Task statement:
Drop every picture, then repeat the records exactly.

Input for this task:
——

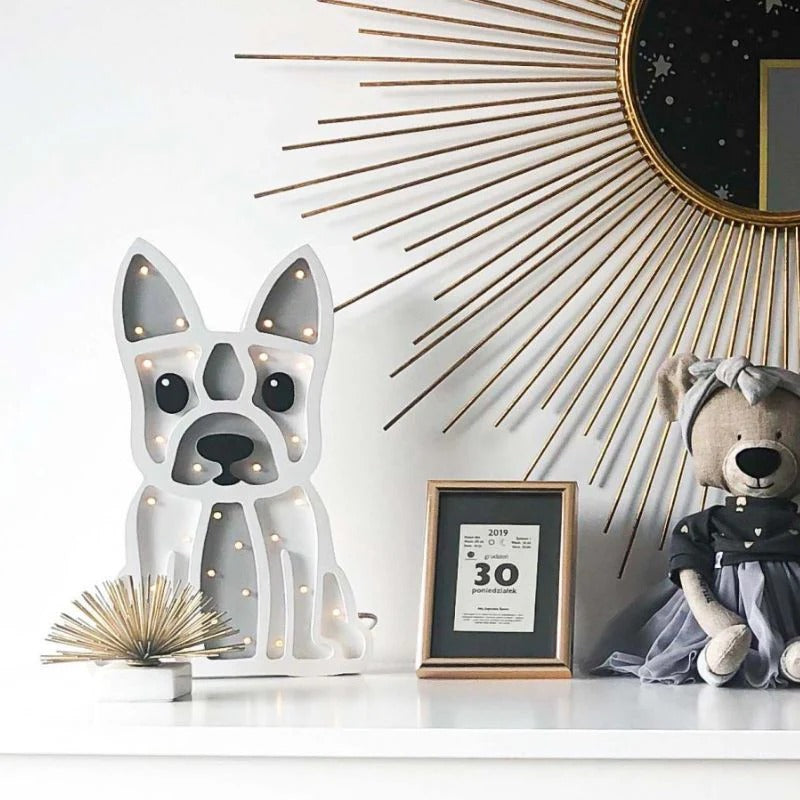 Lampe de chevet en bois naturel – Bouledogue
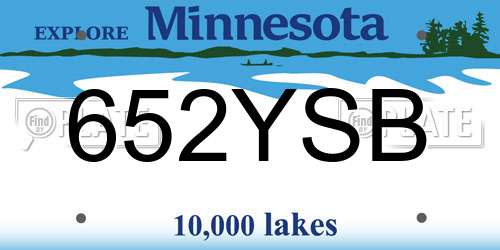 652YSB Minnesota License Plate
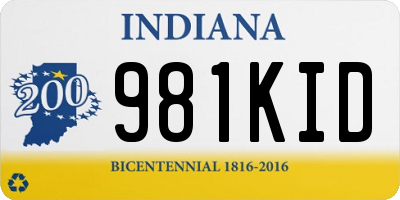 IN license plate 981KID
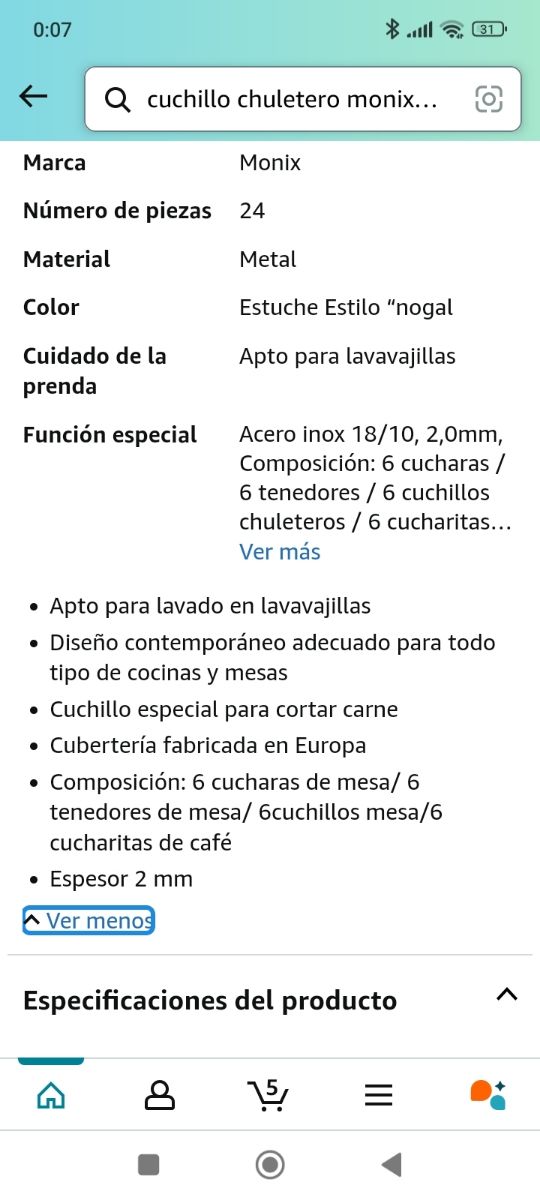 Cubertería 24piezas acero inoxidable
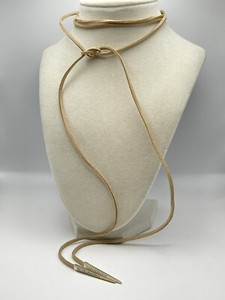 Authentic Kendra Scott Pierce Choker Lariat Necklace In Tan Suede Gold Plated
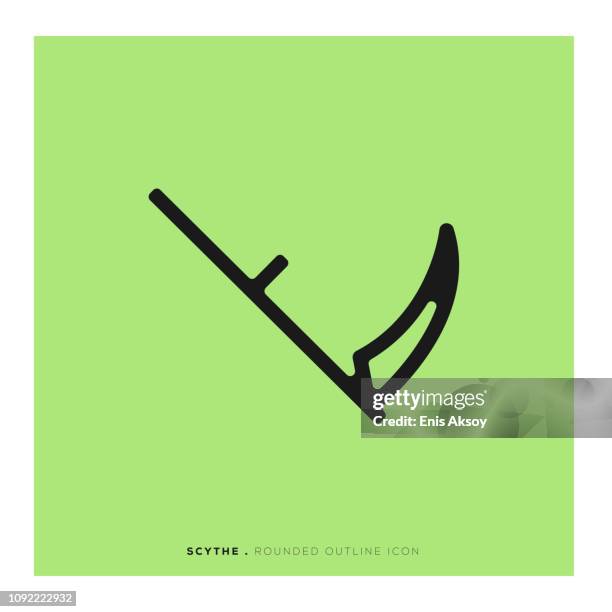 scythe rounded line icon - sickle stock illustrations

——

Response to the exercise:
 Lampe de chevet en bois naturel – Bouledogue
 652YSB Minnesota License Plate
 IN license plate 981KID
 Cubertería 24piezas acero inoxidable
 Authentic Kendra Scott Pierce Choker Lariat Necklace In Tan Suede Gold Plated
 scythe rounded line icon - sickle stock illustrations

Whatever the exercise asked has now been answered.